A grande motivação de Sílvia da Silva está em saber que proporciona “um ambiente de excelência para a discussão de temas de enorme relevância”; ambiente que não passa pelo espaço físico, mas por “contribuir com o meu expertise no desenho de congressos, onde tudo flui, e participar desta forma num objetivo comum e maior, que se traduz em avanços na área da saúde ou inovações tecnológicas”. No fundo, continua, “a promoção de um mundo melhor”.

“Esse ‘é só’ representa muito trabalho e muitas equipas”


Do que mais gosta é de “planificar até à meta, o momento imediatamente após receber uma confirmação ou briefing e em que programo num cronograma todos os passos até ao fecho do congresso”. Numa visão mais ampla, acrescenta que “são as pessoas, as conexões criadas pelas experiências únicas que proporcionamos. Isto é válido para todos com quem me cruzo, seja um cliente, um parceiro ou um participante num congresso”.

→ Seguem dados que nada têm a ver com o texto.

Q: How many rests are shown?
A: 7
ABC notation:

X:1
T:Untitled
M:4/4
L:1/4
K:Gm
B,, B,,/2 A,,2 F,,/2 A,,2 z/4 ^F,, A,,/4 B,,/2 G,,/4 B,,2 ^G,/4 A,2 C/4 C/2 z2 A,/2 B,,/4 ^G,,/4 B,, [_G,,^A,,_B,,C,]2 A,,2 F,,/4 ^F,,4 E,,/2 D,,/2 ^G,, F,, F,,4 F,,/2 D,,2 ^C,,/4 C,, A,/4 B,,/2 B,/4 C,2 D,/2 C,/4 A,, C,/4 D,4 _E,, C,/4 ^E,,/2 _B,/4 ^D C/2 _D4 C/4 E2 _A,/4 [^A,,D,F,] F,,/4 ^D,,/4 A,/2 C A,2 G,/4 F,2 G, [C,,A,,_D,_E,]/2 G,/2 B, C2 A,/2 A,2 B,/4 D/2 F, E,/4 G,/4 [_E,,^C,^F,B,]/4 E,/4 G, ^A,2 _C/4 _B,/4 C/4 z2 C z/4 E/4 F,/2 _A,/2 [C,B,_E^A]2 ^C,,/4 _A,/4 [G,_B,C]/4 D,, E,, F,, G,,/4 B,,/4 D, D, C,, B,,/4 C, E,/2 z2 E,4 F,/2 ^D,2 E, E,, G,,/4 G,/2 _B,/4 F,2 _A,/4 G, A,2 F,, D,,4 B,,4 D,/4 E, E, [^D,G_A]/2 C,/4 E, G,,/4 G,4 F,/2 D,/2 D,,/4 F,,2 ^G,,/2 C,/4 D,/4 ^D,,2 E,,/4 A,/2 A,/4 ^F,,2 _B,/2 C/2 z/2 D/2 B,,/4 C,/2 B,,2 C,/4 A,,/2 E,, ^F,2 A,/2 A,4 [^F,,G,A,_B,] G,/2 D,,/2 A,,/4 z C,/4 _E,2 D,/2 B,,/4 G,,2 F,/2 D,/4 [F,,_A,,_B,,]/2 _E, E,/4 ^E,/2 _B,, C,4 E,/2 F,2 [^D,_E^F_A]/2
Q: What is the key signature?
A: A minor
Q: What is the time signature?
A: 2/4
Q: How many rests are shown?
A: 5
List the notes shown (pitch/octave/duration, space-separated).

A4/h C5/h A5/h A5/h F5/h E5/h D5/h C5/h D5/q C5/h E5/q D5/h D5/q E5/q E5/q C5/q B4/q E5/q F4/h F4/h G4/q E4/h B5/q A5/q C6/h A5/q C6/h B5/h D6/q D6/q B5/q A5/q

“É tão importante a satisfação de um cliente que me parabeniza pelo bom desempenho como testemunhar a alegria de um orador que faz pela primeira vez uma apresentação, perante uma plateia de centenas de participantes – momento que fiz questão de fotografar, oferecendo-lhe depois essa recordação”, explica. E remata: “Eventos são emoções e ligações.”

Por outro lado, gosta menos quando o cliente, “embora inexperiente, quer participar ativamente ou definir tarefas e não valoriza o tempo que estas demoram. Na indústria dos eventos tudo aparenta ser fácil: é só marcar um espaço, um voo, uma refeição, por aí fora... Mas esse ‘é só’ representa muito trabalho e muitas equipas”.

Sílvia da Silva já passou por vários momentos assim. “Recordo‑me de um cliente que me pediu a maquetização de um livro de resumos com centenas de artigos e autores em pouquíssimas horas, dizendo ‘isso é só copy paste!’. Ou outro que não aceitava de todo o valor de uma refeição num hotel de 5 estrelas e insistia em informar‑me o valor do almoço na cantina na faculdade como comparativo. Ou aquele que me disse num sábado ao final da tarde, numa pequena cidade do interior, num evento com 500 participantes: ‘Giro, giro era amanhã oferecer rosas às senhoras.’ Tinha mesmo de ser rosas? Sim. Tinha mesmo de ser no domingo? Sim. Orgulho‑me de ter resolvido estas e mais questões, mas confesso que a frase que mais me irrita é: ‘Tive uma ideia!’”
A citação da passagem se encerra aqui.